What is needed: Transcribe exactly, leaving out pictures, the lines from the one that holds "Funny Rooster Eating Corn 🌽 and Dancing 😂" through the end of the data below, including both end lines and no others.

Stored data:
------------------------------

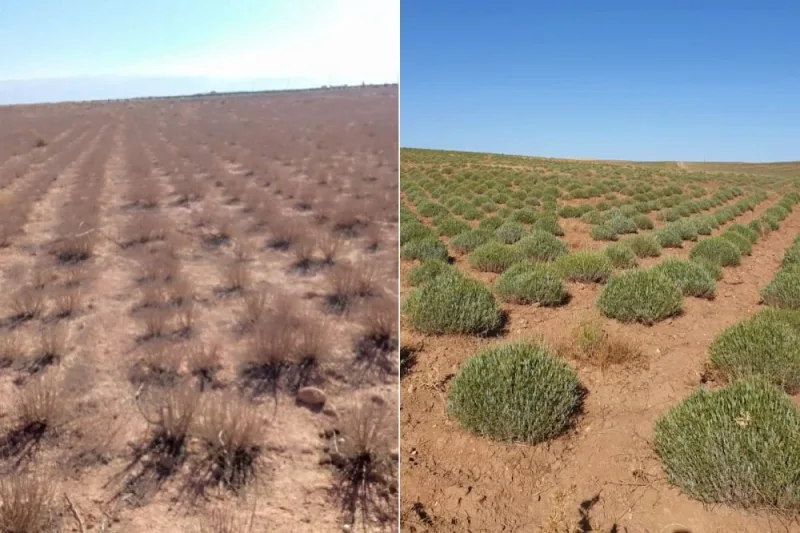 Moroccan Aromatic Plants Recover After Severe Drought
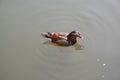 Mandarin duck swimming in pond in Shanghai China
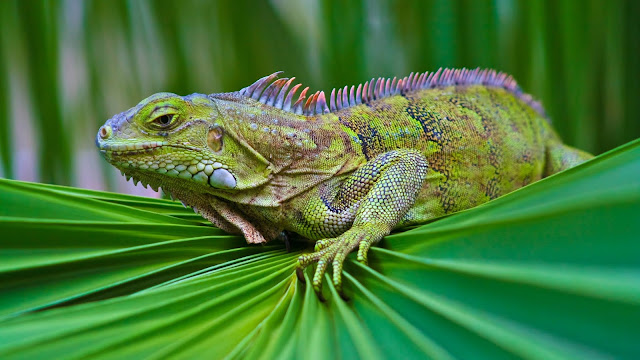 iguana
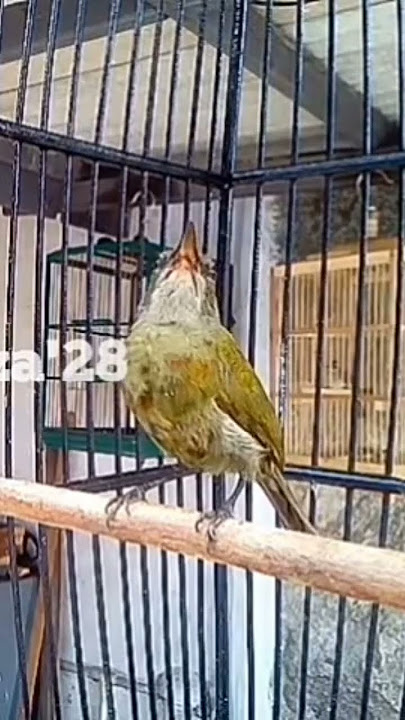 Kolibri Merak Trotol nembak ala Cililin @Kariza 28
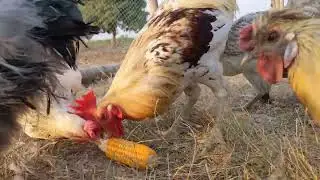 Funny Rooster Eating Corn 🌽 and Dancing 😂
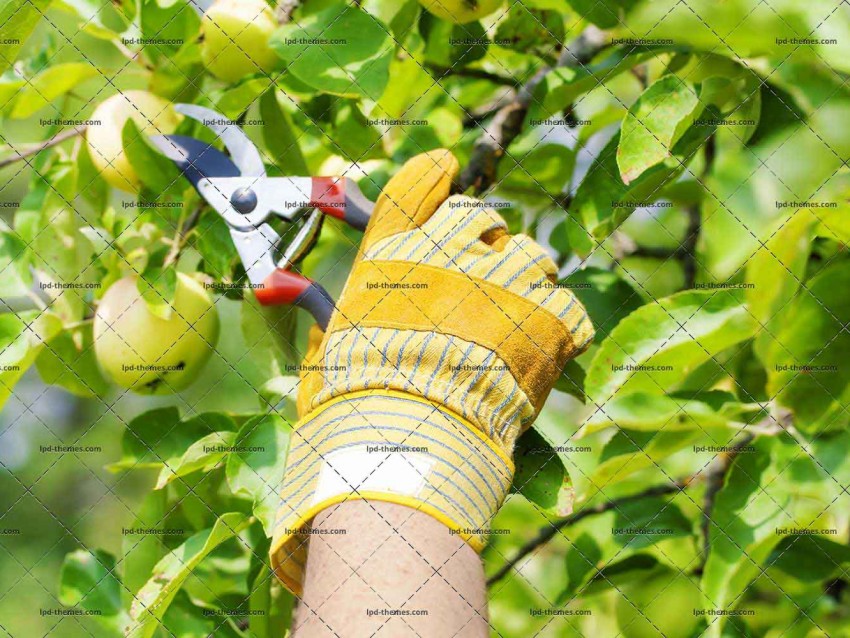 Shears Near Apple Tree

------------------------------

Answer to this problem:
 Funny Rooster Eating Corn 🌽 and Dancing 😂
 Shears Near Apple Tree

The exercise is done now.